The next task is to set the system time and configure the Pi to communicate with your router. The Pi 3 has built-in wireless capability (and Bluetooth). Icons for time and router config are in the upper right-hand part of your monitor. Once this has been done, go to System (top left of monitor), Administration, Time and Date and then set the Configuration field to 'Keep synchronized...'
At this point, you have a fully functional Raspberry Pi with a word processor, spreadsheet, web browser and other programs built in.
Now that your Pi has online access, it's time to download the WSPR program.

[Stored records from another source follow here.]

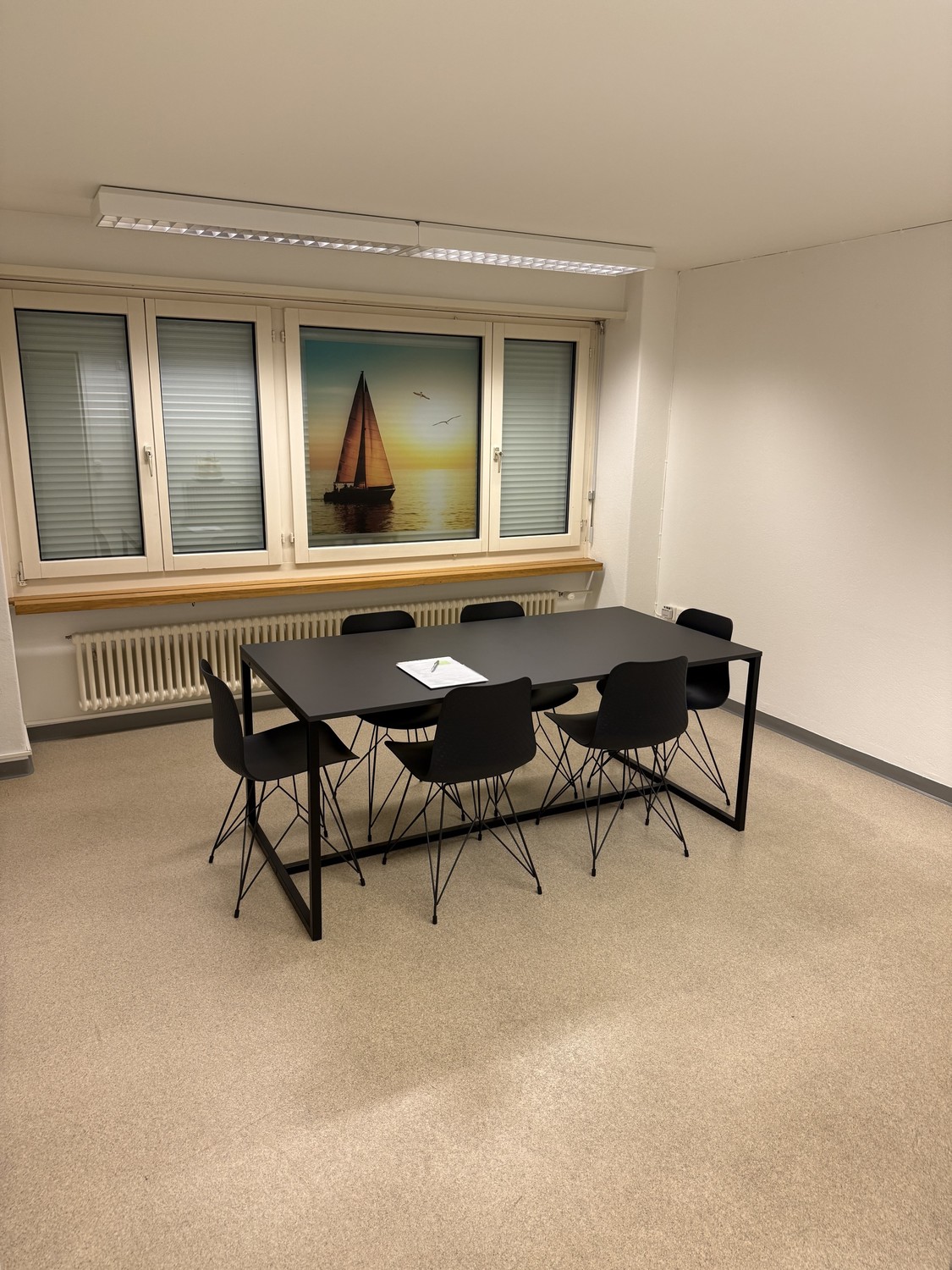 16m² office, Foto 1 von 4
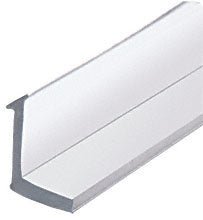 CRL Flexible Vinyl for DUC38 U - Channel for 8 mm or 10 mm Glass FV4DUC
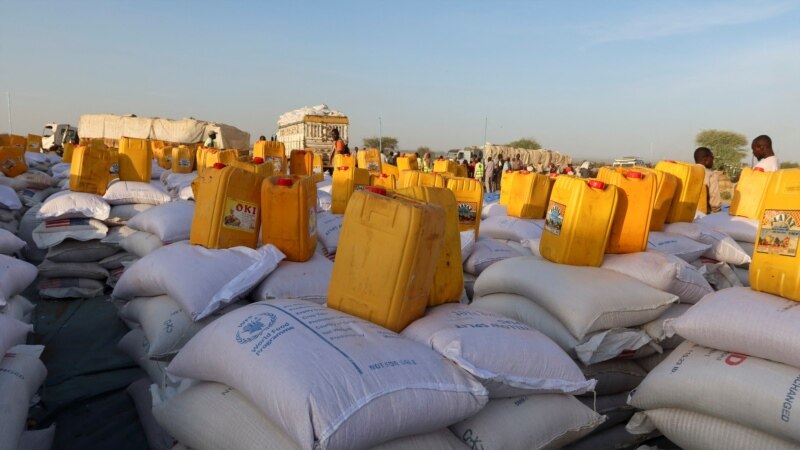 Au Tchad, l'ONU va suspendre l'aide alimentaire aux réfugiés soudanais faute d'argent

To download and install it, hit CTRL-ALT-T on your keyboard to open a terminal window and then enter the following:
sudo apt-get update
sudo apt-get dist-upgrade
sudo apt-get install git
git clone https://github.com/JamesP6000/WsprryPi.git
You will have to enter your password for the Pi and your user name and password for your GitHub account.
Time to get on the air!
Shut down the Pi and remove the power connector.
Attach a 20m antenna to the TAPR WSPR shield. Labeling on the circuiboard indicates which terminal is for the ground braid and which for the center lead. I just cut an RG-58 BNC cable and attached the cut end to the board and the connector end to the feedline from my Yagi.
Now seat the TAPR shield onto the Pi and push it down firmly.
Power up the Pi, open a terminal window (CTRL-ALT-T) and type:
sudo ./wspr -r -o -s callsign gridsquare 20 20m
Use 6 digits for your gridsquare.
Enter your password if asked. WSPR transmissions will begin on the next even minute.
|Screenshot of WSPR program running in Pi terminal window|
If all is successful you should see your callsign spotted after several minutes on WSPRnet (make sure to select '20m' in the field just under the map).